How to Sew a Pillow Sham
Last Tuesday, Wyatt and I headed back to San Francisco after more than a week in Massachusetts. While we were gone, we enjoyed two fireworks shows, a parade, family, friends, the beach, ice cream almost every day, a water balloon fight, and bumper boats. Coming home to Marc was so good, but the transition back to life as usual was jarring.
"What are we going to DO today, Mom?" Wyatt asked me on Wednesday morning. "Go to the grocery store!" I replied with forced enthusiasm that fooled neither of us. Wyatt buried his face in a pillow and whined about how much he didn't want to go. I went on, "I was also thinking, maybe you'd want to learn to use the sewing machine. We could make you new pillow shams." "What do you mean?" he asked suspiciously, as he rolled half his face up from the pillow. "Like I can do the sewing? Myself? And how do we make them? Out of what? Mom. Can I sew them?"
I'm sure there are simpler first sewing projects we could have done. But his bed needed new shams to go with his new quilt. I know I've said this before, but my aunt's quilting is truly amazing. She really outdid herself on this rainbow quilt project, too. So many seams, so many quilting lines, and such impeccable color choices for each block. Wyatt's rainbow quilt turned out to be everything he had dreamed it would be when he chose the pattern. But as you can see, his old shams didn't even come close to matching.
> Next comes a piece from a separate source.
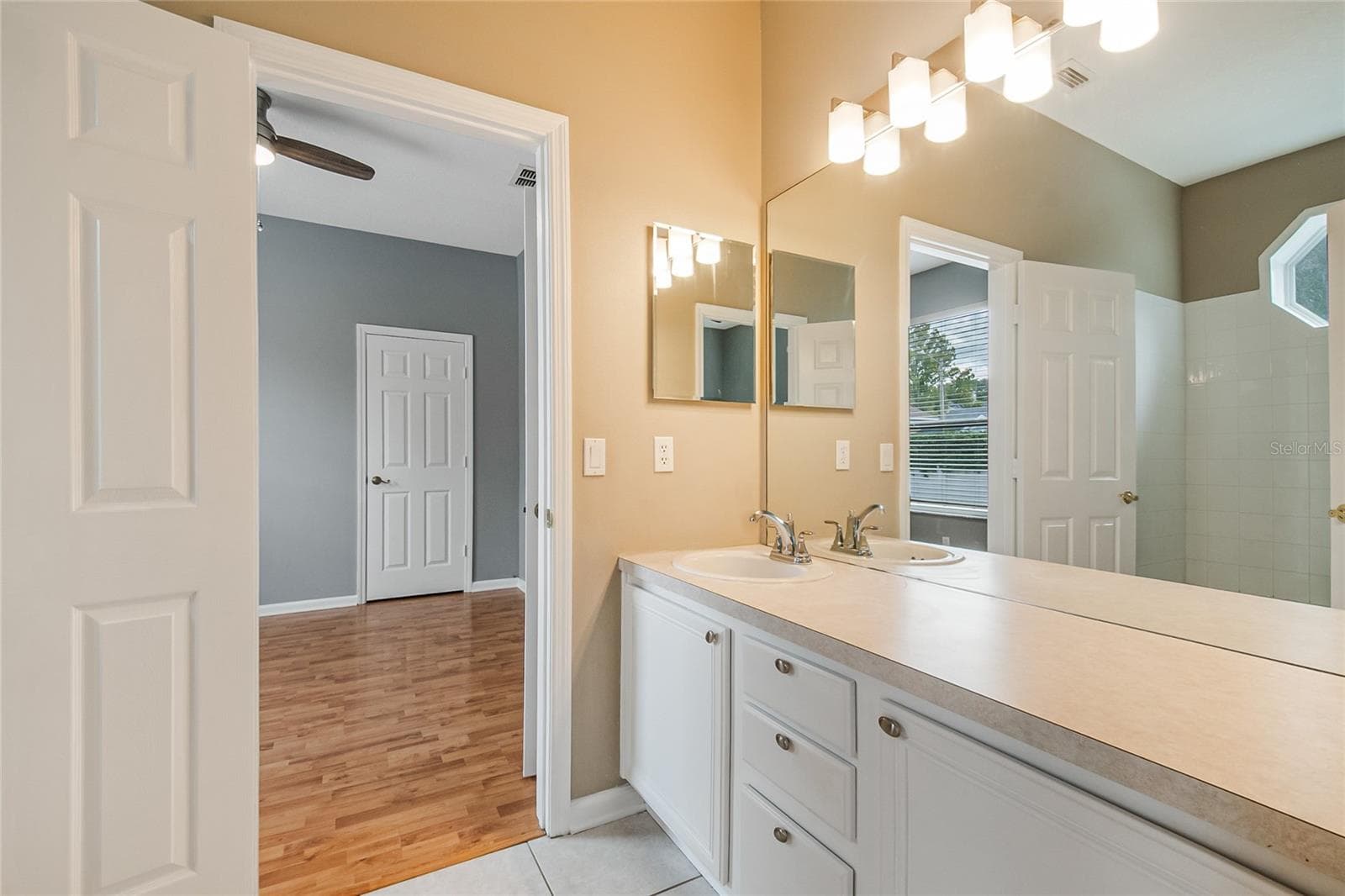 Jack and Jill Bathroom, shower with tub - 116 OAK GROVE CIR, LAKE MARY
(Summer of Craft to the rescue!)
After going to the grocery store ("First, we have to do the stuff we HAVE to do..." UGGGHH), we stopped at Discount Fabrics. Wyatt perused all the fake fur and flashy spangly sparkles, but ultimately chose emerald green cotton for one sham and dark purple cotton for the other. I almost told him that people usually have shams that match, but I'm so glad I caught myself before I did. I mean, what a dumb thing to say to a kid, never mind to a kid with a new rainbow quilt.
There are so many online tutorials to make pillow shams. If you want a tutorial, check out this one or this one. I was going to follow one of these, but then deciphering the instructions started to suck the joy out of the project for me. As I quickly learned, I can't read a tutorial and manage a six-year old's first sewing project at the same time without feeling grumpy and shouty. I opted to use Wyatt's old shams as a guide.
We bought one yard of green and one of purple, and both fabrics were 60 inches wide. We washed and dried the fabric, and Wyatt ironed it. In addition to learning where to point what I named the iron's "cow pusher" (I just remembered it's actually called a cow catcher on a train, but whatever, the train connection gave ironing new life), he learned what it smells like when you scorch fabric. We decided even though you can sort of see the scorch marks, it's not that bad.
For each standard-sized sham, I cut one rectangle that was 21" tall and as long as the fabric. Then, I cut another smaller rectangle that was 21" tall and about 2/3 as long as the pillow. Wyatt and I pinned the two rectangles together and seamed them with a 1/2" seam allowance. That seam falls at the pillow's end. Wyatt pressed it open. Next, we ironed, pinned, and hemmed the raw edges that would form the opening for the pillow. The next step was pinning the final two seams of the sham. I wish I'd had more overlap at the opening (it seems like about 5" is ideal), but you get what you get when you "measure" using mostly your eyeballs. Once again, Wyatt and I concluded it was fine. Wyatt stitched these seams as well.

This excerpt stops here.